Job cuts announced by U.S. employers last month jumped 12 percent over a year ago to cap the busiest summer of downsizing in six years, according to a report released Wednesday.
/ Source: The Associated Press

Job cuts announced by U.S. employers last month jumped 12 percent over a year ago to cap the busiest summer of downsizing in six years, according to a report released Wednesday.

The monthly job reductions slowed somewhat from July but still exceeded the year-ago figure for a seventh time in 2008, according to the report by job placement consultancy Challenger, Gray & Christmas.

Employers announced plans to reduce their work forces by 88,736 jobs in August — 14 percent fewer than the 103,312 job cuts announced in July but 12 percent more than the 79,459 recorded in August 2007.

For the summer period of May through August, job cuts totaled 377,325, up from 249,197 in the summer of 2007.

The latest tally pushes the total of announced cuts in 2008 to 667,996, up 29 percent from 515,855 in the first eight months of 2007.

The firm said that at the current pace, job cuts will surpass last year's 12-month total by the middle of October and could exceed 1 million for the first time since 2005.

"Hopes of a late-summer reprieve in layoffs were dashed by heavy downsizing in the automotive and government sectors, where employers announced 17,233 and 12,328 job cuts, respectively," said John Challenger, chief executive of Challenger, Gray & Christmas.

The report defines the summer period as May through August.

The four-month stretch that began this week is typically the heaviest job-cutting period of the year, as employers scramble to meet annual earnings goals and make staffing adjustments based on the coming year's budget, Challenger said.
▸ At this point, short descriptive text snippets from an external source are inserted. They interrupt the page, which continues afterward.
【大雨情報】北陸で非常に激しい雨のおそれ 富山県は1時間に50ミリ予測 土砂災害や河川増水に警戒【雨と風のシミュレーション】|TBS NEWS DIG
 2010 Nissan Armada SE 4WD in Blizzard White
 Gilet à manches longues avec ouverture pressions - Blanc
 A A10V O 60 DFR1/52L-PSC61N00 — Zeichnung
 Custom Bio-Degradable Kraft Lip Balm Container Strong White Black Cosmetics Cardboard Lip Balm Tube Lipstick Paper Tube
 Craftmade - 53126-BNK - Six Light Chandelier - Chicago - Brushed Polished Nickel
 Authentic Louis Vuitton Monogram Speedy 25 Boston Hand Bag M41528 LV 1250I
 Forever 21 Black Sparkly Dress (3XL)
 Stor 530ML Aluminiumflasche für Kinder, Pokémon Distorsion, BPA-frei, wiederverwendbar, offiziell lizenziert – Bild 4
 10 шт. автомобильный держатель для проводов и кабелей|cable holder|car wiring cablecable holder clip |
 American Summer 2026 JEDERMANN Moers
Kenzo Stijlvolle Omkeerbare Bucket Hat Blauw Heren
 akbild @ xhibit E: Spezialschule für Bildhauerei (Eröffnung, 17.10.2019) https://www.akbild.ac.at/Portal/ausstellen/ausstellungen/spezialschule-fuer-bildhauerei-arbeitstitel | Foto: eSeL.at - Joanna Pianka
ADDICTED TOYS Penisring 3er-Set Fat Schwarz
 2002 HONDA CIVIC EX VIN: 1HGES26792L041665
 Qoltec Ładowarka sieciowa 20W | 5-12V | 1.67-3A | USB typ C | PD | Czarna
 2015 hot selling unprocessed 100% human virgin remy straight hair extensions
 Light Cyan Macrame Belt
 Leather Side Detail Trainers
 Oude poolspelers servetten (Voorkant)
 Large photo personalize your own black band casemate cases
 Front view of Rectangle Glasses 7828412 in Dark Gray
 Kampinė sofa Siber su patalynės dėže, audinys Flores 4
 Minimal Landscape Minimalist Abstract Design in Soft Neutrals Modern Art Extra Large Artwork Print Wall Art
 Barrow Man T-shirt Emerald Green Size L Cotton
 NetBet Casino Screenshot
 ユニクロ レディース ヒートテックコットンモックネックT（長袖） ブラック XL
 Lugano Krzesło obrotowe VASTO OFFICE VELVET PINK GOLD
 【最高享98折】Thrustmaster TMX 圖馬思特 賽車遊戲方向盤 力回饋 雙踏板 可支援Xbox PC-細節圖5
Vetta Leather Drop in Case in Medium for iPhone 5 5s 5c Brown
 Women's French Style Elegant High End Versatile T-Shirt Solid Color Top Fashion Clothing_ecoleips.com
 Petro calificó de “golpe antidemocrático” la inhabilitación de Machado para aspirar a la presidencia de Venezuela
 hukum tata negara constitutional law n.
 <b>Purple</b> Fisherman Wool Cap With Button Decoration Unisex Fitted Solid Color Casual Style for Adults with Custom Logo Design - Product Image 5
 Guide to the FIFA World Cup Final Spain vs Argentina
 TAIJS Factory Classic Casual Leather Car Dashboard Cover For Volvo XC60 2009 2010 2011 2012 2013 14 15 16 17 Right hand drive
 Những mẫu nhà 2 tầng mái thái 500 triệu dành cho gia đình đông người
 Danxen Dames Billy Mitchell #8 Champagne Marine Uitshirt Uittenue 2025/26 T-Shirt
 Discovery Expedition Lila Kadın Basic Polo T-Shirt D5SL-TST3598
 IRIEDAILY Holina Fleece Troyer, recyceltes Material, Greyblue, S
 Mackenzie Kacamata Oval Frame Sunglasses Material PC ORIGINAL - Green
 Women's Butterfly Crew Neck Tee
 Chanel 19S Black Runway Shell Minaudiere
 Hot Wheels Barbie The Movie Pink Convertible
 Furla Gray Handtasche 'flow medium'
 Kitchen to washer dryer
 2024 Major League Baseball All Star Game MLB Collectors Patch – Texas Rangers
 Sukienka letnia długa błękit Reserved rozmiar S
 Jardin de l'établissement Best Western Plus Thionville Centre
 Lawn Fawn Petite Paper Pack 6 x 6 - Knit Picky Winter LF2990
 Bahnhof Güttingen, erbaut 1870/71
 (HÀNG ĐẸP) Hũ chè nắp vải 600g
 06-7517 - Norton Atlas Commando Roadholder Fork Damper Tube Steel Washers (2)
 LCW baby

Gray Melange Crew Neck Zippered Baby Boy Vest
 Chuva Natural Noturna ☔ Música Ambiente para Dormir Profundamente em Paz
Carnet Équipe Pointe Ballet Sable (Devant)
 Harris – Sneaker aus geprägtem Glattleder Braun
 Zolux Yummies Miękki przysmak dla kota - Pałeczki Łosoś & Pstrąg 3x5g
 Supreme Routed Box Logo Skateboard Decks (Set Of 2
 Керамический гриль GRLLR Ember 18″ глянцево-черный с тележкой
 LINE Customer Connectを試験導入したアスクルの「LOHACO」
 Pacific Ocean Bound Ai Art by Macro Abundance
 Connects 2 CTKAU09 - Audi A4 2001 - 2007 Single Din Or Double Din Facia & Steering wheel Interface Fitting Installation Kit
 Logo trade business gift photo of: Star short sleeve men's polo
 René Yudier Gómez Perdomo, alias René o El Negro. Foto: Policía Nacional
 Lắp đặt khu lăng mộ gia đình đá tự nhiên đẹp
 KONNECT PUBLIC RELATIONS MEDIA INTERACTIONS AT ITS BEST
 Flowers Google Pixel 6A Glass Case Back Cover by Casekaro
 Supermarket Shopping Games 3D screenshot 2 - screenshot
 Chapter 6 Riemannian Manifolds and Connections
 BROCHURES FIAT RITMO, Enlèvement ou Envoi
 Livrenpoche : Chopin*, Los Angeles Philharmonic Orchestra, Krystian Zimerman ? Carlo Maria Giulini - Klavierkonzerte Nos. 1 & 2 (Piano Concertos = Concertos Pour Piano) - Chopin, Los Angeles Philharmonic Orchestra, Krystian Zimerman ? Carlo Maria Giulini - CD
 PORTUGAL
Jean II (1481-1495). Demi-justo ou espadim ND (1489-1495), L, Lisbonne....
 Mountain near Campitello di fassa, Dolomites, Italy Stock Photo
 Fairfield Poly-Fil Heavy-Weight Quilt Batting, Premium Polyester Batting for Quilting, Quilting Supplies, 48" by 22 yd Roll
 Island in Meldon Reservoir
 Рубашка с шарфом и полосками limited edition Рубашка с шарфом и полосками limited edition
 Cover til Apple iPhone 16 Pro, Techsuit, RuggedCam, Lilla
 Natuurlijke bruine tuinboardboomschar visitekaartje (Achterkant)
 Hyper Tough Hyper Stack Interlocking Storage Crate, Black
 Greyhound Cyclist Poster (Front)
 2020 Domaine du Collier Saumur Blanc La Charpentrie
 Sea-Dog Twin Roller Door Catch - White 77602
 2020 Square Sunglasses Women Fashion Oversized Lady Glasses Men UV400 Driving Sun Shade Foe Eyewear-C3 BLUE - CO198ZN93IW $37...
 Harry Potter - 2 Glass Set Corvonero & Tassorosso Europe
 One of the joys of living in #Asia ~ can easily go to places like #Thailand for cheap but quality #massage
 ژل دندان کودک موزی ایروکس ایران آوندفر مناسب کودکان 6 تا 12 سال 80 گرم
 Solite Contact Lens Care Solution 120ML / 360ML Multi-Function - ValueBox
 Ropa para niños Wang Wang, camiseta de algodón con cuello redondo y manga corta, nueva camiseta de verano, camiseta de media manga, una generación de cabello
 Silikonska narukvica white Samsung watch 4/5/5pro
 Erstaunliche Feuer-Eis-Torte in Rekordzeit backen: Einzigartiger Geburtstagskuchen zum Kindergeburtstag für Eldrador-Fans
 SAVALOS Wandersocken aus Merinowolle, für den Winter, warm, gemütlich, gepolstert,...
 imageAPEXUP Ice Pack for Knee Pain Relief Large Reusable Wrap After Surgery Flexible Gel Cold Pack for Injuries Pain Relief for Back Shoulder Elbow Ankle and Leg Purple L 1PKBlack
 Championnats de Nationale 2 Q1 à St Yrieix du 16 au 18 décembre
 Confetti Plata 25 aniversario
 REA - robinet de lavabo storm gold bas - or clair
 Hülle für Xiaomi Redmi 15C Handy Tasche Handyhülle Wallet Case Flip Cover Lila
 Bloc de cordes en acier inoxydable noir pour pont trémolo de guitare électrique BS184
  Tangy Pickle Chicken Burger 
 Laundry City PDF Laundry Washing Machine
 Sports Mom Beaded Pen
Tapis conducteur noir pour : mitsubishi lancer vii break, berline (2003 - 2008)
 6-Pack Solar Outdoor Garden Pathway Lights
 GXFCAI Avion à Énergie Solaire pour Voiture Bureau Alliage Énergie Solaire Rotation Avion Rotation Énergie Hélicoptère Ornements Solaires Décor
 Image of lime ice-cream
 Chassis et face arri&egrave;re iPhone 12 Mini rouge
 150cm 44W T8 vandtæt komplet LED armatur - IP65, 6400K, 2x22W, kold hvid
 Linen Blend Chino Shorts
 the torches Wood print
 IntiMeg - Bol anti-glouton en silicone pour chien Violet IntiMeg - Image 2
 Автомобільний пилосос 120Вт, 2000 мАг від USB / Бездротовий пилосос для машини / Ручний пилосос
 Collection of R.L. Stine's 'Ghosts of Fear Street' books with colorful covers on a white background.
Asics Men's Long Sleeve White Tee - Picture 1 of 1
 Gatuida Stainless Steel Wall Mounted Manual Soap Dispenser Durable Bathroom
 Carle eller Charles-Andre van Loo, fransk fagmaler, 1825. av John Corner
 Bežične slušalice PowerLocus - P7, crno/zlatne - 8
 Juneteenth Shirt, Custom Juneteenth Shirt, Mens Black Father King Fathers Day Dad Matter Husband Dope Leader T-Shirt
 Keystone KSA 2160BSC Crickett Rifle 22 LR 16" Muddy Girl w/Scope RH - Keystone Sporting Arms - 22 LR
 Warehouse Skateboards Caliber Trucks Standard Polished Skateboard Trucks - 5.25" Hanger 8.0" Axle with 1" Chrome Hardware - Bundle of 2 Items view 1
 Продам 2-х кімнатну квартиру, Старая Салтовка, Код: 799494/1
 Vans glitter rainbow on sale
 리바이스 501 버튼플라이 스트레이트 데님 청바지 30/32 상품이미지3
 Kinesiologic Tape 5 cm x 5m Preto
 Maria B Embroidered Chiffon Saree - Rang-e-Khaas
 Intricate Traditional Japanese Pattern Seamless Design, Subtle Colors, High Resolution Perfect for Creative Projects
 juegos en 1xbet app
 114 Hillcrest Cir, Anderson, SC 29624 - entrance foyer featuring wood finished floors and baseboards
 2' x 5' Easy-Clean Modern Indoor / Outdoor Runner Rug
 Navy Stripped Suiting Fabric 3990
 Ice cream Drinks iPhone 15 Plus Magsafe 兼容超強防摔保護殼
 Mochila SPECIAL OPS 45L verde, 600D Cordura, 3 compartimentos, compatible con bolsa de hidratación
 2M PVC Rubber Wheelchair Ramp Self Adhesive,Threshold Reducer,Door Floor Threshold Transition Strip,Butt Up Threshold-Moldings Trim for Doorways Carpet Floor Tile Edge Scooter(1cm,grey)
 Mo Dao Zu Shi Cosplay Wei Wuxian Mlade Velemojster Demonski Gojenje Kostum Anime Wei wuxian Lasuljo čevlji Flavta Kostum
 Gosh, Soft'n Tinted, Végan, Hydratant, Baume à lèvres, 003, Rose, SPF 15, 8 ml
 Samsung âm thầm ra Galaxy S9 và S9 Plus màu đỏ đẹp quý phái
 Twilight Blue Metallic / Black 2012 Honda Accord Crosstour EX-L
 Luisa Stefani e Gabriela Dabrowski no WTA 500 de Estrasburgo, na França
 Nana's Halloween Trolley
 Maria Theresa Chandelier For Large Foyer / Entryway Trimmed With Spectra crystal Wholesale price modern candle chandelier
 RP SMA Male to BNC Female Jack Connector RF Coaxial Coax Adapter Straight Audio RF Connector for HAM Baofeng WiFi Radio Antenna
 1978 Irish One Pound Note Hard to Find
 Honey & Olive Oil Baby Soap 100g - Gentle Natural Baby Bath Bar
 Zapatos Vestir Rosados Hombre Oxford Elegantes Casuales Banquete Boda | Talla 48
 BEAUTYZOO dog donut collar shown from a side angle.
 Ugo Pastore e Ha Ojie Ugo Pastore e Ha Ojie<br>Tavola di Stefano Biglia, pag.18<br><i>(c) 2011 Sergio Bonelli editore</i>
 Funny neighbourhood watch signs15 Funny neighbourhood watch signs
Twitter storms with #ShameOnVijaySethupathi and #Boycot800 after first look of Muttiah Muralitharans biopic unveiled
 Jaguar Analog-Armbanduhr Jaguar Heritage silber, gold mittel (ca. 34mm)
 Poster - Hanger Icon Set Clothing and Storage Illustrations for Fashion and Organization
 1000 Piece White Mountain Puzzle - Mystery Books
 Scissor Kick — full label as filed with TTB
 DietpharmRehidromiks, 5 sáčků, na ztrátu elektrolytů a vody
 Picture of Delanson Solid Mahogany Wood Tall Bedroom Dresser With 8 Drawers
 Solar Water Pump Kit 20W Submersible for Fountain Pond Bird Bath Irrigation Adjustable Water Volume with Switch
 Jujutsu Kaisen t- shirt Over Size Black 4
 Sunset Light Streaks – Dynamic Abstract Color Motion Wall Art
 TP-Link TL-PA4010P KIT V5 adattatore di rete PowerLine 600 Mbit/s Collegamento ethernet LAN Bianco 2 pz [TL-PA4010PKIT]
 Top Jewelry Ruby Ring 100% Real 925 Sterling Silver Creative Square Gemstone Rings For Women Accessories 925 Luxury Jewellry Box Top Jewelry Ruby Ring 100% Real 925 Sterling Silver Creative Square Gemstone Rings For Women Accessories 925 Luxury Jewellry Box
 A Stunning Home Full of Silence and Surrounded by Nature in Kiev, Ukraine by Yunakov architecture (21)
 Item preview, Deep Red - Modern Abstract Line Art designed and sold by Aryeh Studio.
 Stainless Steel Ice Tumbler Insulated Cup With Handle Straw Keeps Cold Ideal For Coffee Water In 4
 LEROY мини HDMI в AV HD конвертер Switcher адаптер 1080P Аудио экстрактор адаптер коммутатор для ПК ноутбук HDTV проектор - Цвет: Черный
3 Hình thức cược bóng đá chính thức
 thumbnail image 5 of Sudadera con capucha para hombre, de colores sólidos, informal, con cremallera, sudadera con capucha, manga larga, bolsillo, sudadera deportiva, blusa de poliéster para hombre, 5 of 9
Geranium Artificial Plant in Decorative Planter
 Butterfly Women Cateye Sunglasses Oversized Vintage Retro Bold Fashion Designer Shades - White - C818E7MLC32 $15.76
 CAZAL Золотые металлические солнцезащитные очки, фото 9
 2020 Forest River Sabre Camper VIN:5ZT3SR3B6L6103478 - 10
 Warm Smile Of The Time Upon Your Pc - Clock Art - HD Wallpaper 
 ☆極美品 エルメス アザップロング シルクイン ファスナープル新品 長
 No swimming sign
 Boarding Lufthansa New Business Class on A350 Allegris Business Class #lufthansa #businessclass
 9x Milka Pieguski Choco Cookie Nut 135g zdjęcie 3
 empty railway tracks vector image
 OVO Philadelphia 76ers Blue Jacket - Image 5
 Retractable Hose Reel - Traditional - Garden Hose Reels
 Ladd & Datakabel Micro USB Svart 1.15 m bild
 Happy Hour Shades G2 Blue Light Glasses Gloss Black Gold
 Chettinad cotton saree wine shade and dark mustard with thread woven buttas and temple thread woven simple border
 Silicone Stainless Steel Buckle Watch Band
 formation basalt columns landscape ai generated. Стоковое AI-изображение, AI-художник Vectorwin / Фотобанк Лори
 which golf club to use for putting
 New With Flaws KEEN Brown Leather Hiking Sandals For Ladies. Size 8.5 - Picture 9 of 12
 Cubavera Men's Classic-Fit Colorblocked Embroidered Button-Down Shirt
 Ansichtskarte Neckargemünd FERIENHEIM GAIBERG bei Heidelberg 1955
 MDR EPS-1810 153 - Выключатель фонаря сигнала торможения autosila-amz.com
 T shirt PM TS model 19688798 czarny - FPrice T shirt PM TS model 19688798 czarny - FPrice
No letup in job cuts is expected.

One bright spot in the latest report was that job cuts in the financial sector fell to their lowest monthly level since July 2007. Financial companies announced 2,182 job cuts in August, down sharply from the average 14,396 job cuts over each of the previous seven months.

The financial sector remains the largest job-cutting industry for the year, with 102,957 announced cuts, ahead of 80,323 by the automotive sector.